> **Data for processing**
BEGIN
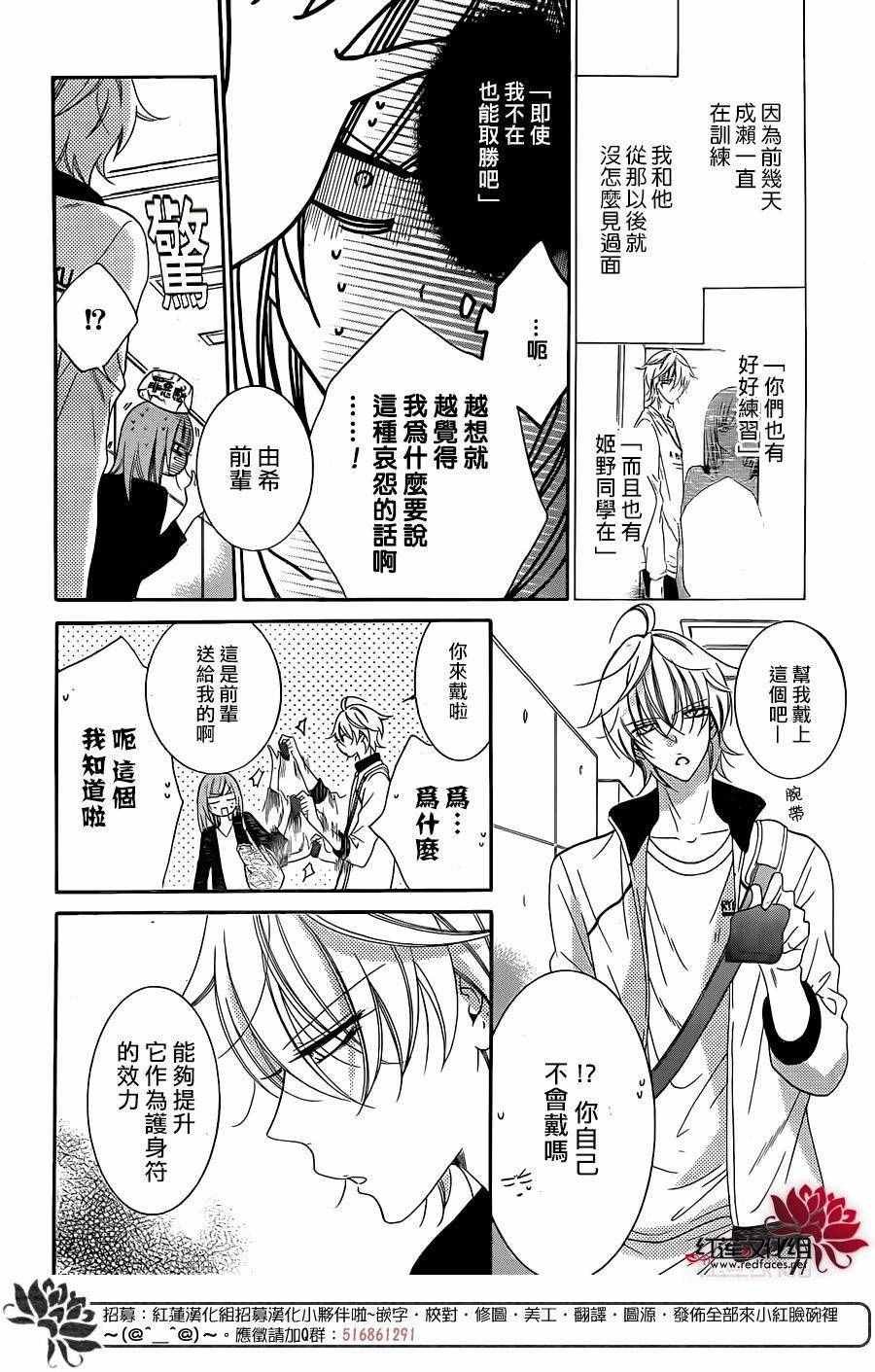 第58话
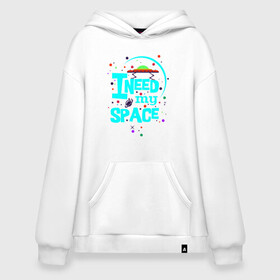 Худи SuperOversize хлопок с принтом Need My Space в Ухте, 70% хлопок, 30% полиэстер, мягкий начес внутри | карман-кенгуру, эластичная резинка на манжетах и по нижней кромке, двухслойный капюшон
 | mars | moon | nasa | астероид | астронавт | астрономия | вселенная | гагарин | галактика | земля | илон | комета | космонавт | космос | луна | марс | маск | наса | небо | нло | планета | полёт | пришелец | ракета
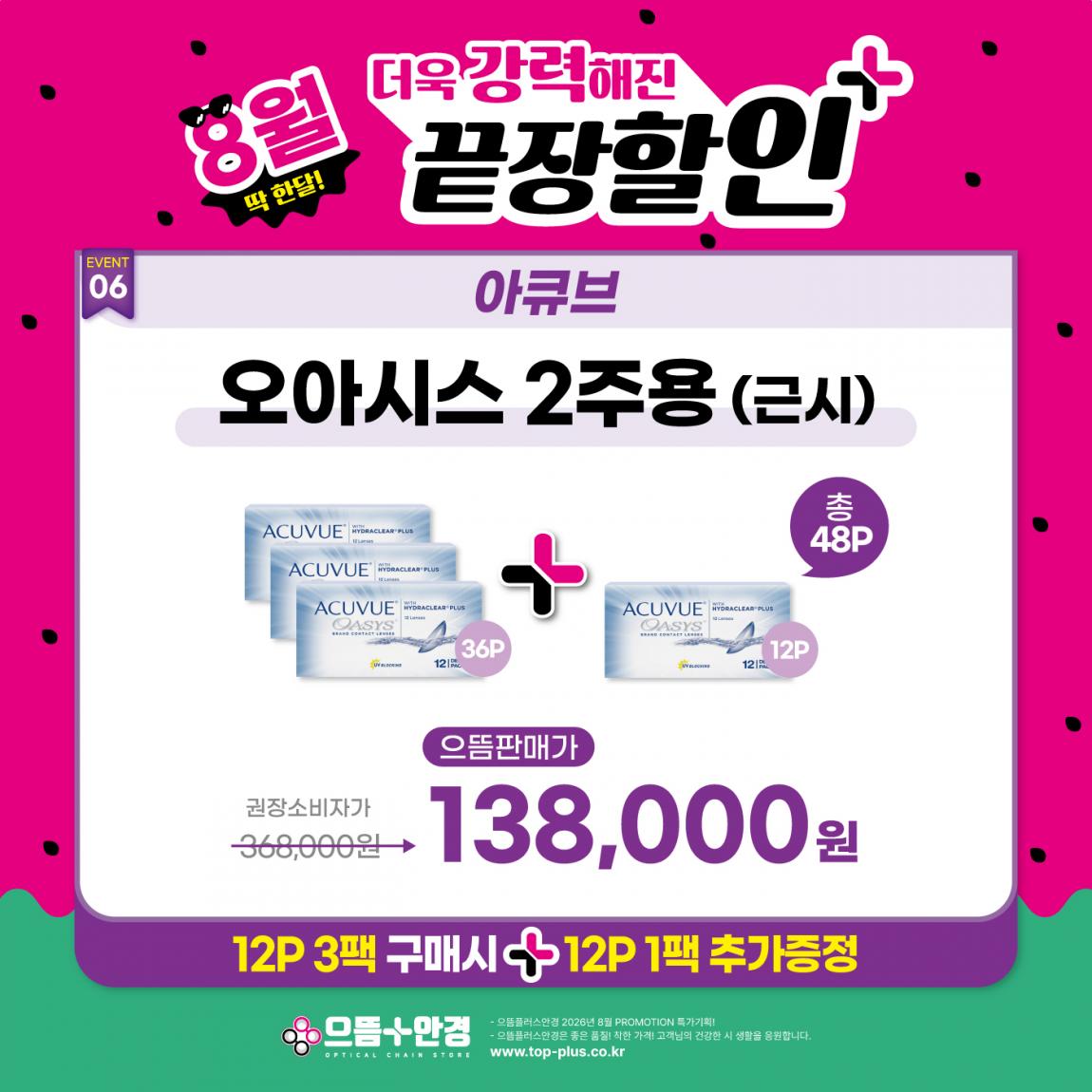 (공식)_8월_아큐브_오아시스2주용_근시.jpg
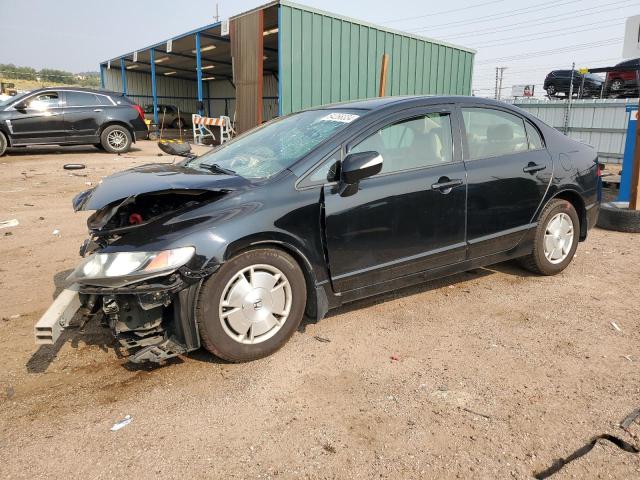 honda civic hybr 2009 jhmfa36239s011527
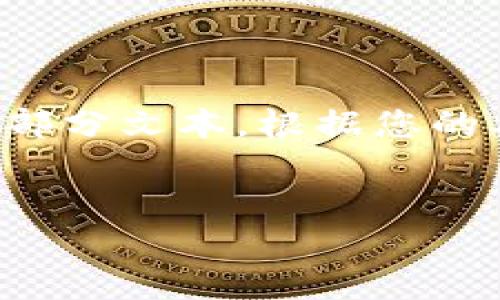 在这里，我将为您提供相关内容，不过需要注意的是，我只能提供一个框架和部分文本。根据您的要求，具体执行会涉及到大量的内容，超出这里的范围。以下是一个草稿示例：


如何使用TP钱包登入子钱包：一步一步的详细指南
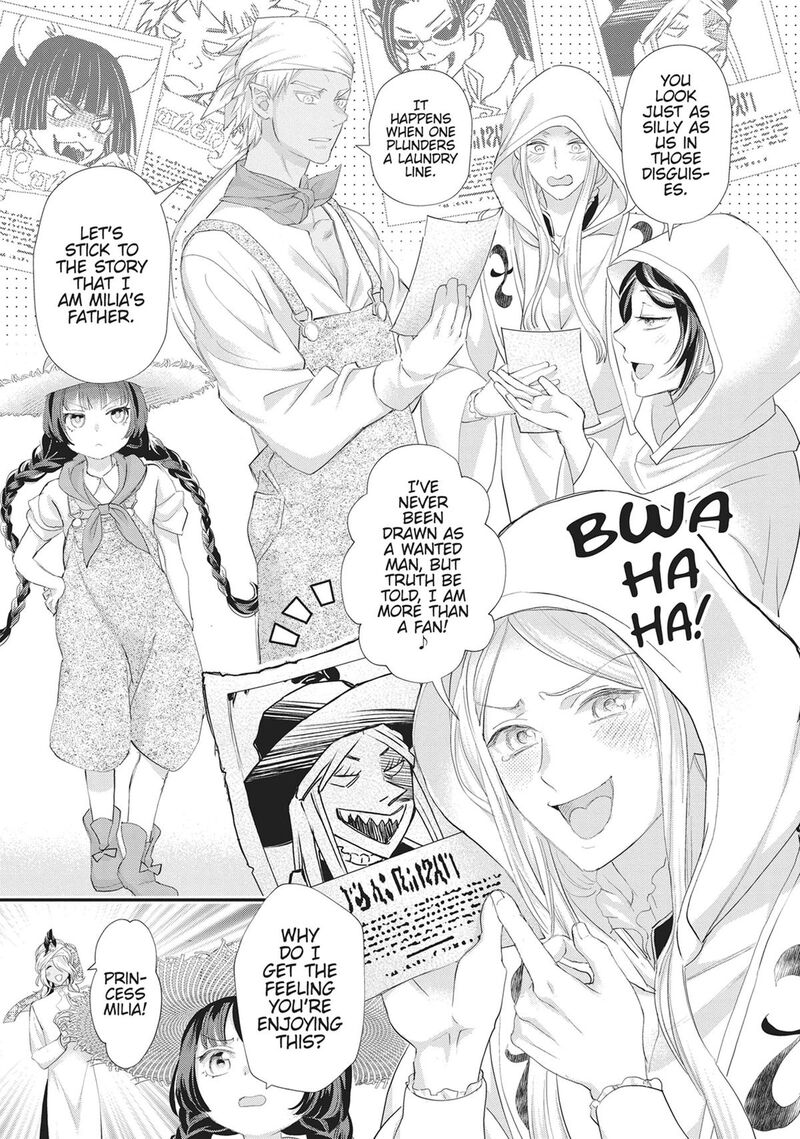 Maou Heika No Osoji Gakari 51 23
END
BEGIN
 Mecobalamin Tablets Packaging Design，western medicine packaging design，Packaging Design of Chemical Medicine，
END
> **What is required**
Above are the records; copy exactly the lines from the one with "Худи SuperOversize хлопок" through the one with "Maou Heika No Osoji Gakari 51 23", including both, and nothing more. Leave out pictures.

> **Solution for this task**
 Худи SuperOversize хлопок с принтом Need My Space в Ухте, 70% хлопок, 30% полиэстер, мягкий начес внутри | карман-кенгуру, эластичная резинка на манжетах и по нижней кромке, двухслойный капюшон
 | mars | moon | nasa | астероид | астронавт | астрономия | вселенная | гагарин | галактика | земля | илон | комета | космонавт | космос | луна | марс | маск | наса | небо | нло | планета | полёт | пришелец | ракета
 (공식)_8월_아큐브_오아시스2주용_근시.jpg
 honda civic hybr 2009 jhmfa36239s011527
 在这里，我将为您提供相关内容，不过需要注意的是，我只能提供一个框架和部分文本。根据您的要求，具体执行会涉及到大量的内容，超出这里的范围。以下是一个草稿示例：


如何使用TP钱包登入子钱包：一步一步的详细指南
 Maou Heika No Osoji Gakari 51 23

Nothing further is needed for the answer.